Optimizing Git’s Merge Machinery, #2

9 min readMar 8, 2021

Editor’s note: This is the second post in a series by a Palantir Software Engineer on optimizing git’s merge and rename detection machinery. Click to read the first post.

In the first post in this series, I provided some background on how the git merge machinery works, why I was working on improving it, and showed a simple optimization to speed it up that made better use of exact renames. In this post, we’ll dive into the next optimization, which can be summarized as “Find useful heuristics to guide rename detection in order to avoid (or at least reduce) brute-force exhaustive pairwise comparisons.”

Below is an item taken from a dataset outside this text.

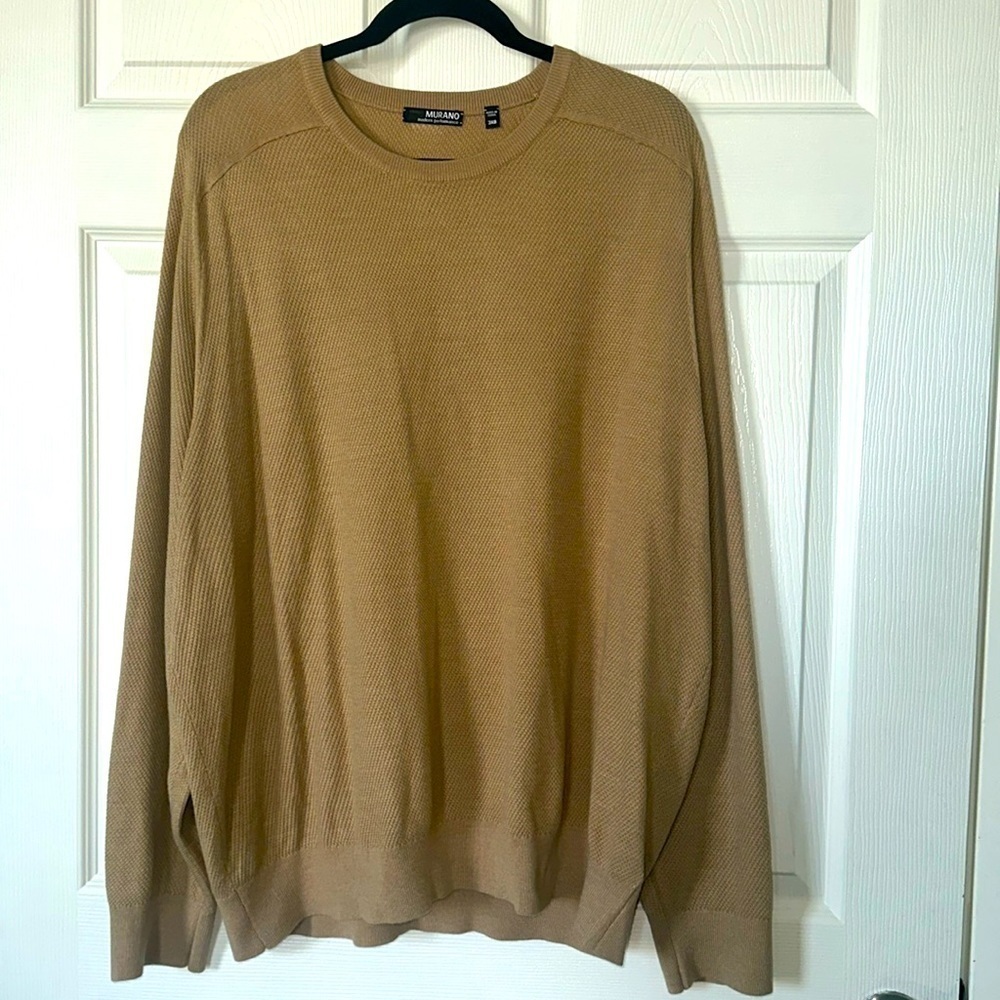 Murano Mens sweater Sz 3XB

Pairing files for three-way content merging

First, a quick refresher; two quotes from the last blog post:

Merging isn’t a two-way operation, but a three-way operation where git consults the merge base, your current commit, and the commit at the tip of the other branch. […] The basic idea behind the merge algorithm is thus to just do a three-way content merge for each file in the repository using the versions of each file from those three commits.

and

Rename detection is a quadratic algorithm. It involves first getting the set of all N filenames unique to the merge base, then all M filenames unique to the given side, then doing a similarity comparison between the content of all N x M files and marking the best matches that are sufficiently similar as renames. Even a small number of renames is sufficient to make rename detection the slowest part of a merge.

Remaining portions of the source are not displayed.